» WORK TO COMPLETE
All lines from the one with "Man in traditional" through the last line of the data below should be copied exactly; please add nothing.

- Opening Delimiter -

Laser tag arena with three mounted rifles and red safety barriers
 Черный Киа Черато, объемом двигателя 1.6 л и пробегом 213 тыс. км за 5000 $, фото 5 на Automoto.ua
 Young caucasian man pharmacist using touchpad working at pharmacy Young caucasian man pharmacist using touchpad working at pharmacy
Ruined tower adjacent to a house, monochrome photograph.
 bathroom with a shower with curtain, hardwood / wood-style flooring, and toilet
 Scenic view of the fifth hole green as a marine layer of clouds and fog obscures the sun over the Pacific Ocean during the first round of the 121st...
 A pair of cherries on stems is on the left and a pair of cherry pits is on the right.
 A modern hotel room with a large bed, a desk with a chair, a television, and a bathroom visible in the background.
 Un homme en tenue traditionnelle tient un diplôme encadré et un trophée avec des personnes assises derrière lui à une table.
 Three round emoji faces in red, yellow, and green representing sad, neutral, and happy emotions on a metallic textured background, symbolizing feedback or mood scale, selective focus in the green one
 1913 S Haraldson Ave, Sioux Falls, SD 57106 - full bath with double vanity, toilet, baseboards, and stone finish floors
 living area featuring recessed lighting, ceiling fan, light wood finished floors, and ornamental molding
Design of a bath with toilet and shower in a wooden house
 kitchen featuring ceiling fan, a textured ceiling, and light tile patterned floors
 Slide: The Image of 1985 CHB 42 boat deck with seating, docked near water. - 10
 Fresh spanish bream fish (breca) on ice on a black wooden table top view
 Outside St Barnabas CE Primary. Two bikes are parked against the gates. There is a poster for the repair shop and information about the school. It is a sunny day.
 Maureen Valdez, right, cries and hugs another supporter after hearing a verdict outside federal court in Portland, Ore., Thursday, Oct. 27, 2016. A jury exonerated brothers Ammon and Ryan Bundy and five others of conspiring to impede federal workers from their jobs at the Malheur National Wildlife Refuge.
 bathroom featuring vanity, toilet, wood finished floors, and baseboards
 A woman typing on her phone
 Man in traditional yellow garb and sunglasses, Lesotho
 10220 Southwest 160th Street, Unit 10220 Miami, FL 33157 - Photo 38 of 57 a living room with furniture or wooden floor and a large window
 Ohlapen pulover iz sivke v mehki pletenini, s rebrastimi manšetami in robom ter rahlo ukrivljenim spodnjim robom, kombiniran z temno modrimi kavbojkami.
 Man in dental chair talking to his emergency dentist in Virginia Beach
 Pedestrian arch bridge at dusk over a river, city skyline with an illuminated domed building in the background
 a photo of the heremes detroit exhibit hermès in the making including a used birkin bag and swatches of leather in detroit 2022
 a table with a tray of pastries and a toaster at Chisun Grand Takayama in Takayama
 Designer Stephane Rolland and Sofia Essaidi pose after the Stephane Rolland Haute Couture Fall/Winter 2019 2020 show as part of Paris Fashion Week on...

- Closing Delimiter -

» PROBLEM SOLUTION
 Man in traditional yellow garb and sunglasses, Lesotho
 10220 Southwest 160th Street, Unit 10220 Miami, FL 33157 - Photo 38 of 57 a living room with furniture or wooden floor and a large window
 Ohlapen pulover iz sivke v mehki pletenini, s rebrastimi manšetami in robom ter rahlo ukrivljenim spodnjim robom, kombiniran z temno modrimi kavbojkami.
 Man in dental chair talking to his emergency dentist in Virginia Beach
 Pedestrian arch bridge at dusk over a river, city skyline with an illuminated domed building in the background
 a photo of the heremes detroit exhibit hermès in the making including a used birkin bag and swatches of leather in detroit 2022
 a table with a tray of pastries and a toaster at Chisun Grand Takayama in Takayama
 Designer Stephane Rolland and Sofia Essaidi pose after the Stephane Rolland Haute Couture Fall/Winter 2019 2020 show as part of Paris Fashion Week on...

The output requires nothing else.